• **COLLECTED MATERIAL**
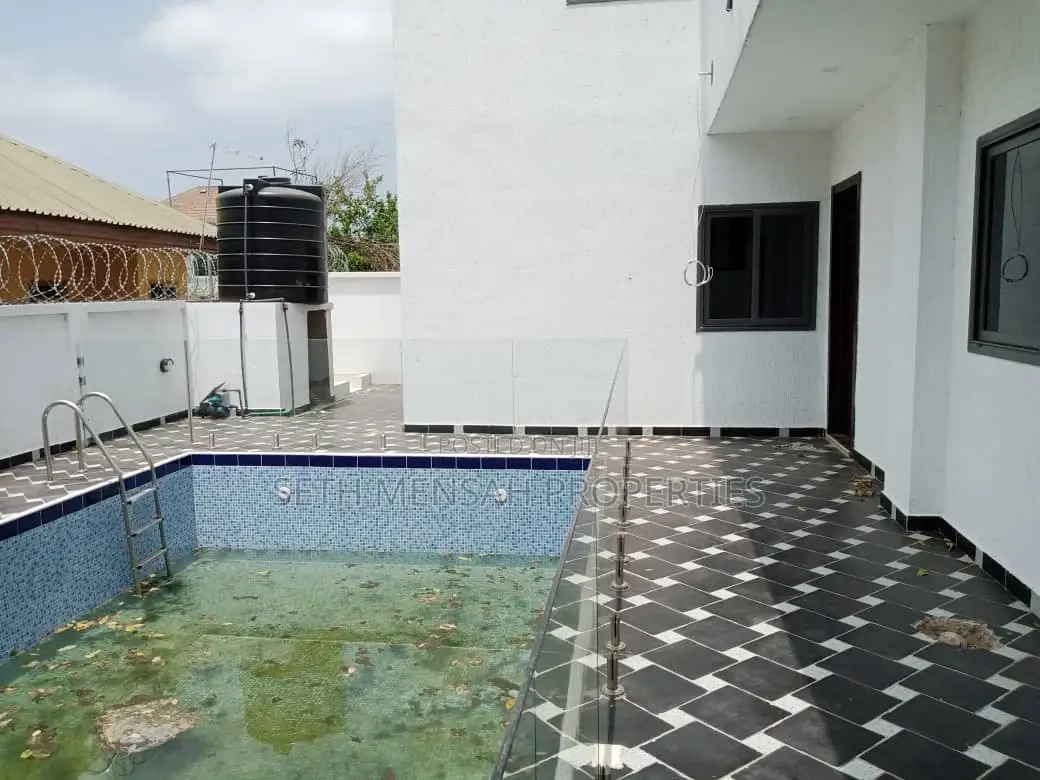 5bdrm House in 5 Bedroom House For, Adjiriganor for Sale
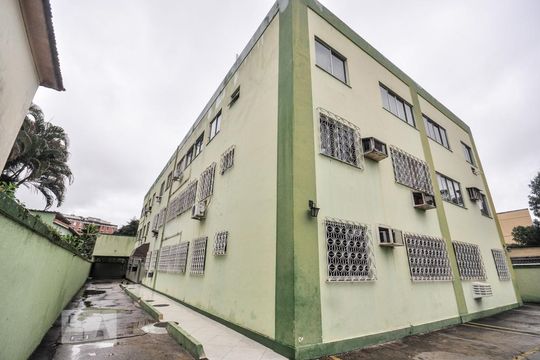 Fachada de apartamento à venda com 2 quartos, 60m² em Taquara, Rio de Janeiro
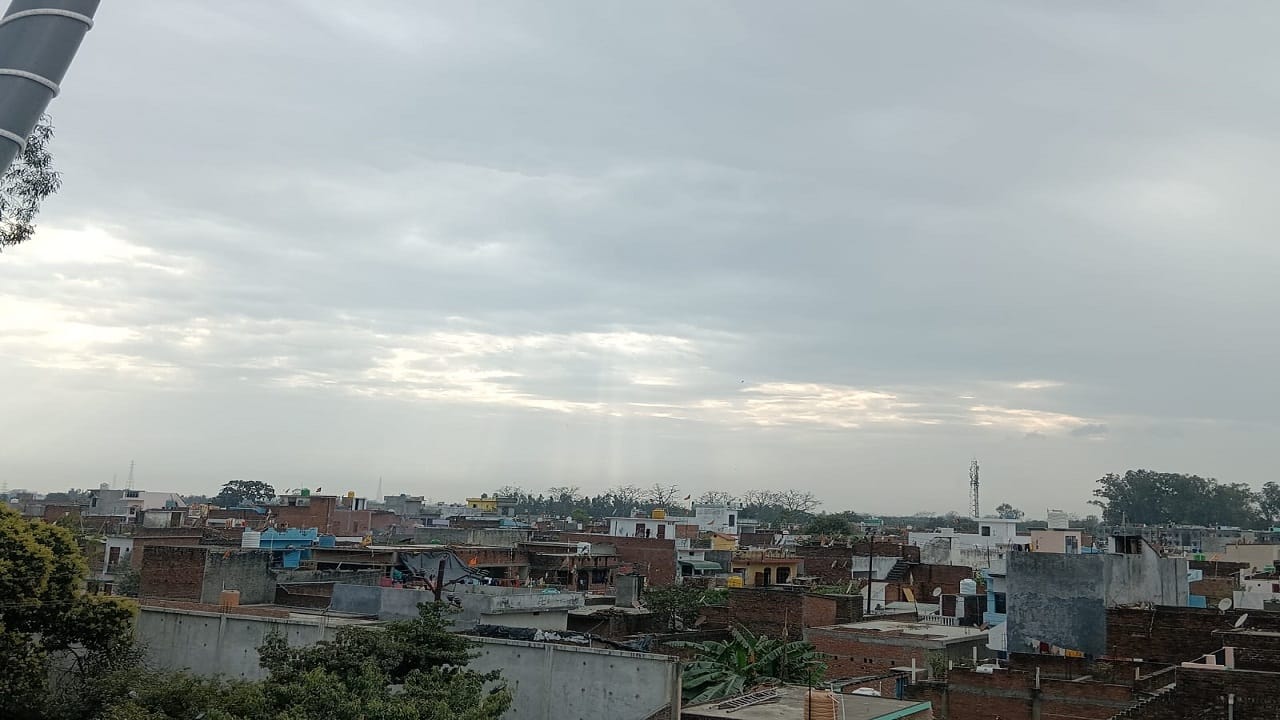 Heavy hailstorm along with rain in these districts including Lakhimpur Kheri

• **TASK DESCRIPTION**
Your answer must be an exact copy of the data above, minus its pictures.

• **RESPONSE**
 5bdrm House in 5 Bedroom House For, Adjiriganor for Sale
 Fachada de apartamento à venda com 2 quartos, 60m² em Taquara, Rio de Janeiro
 Heavy hailstorm along with rain in these districts including Lakhimpur Kheri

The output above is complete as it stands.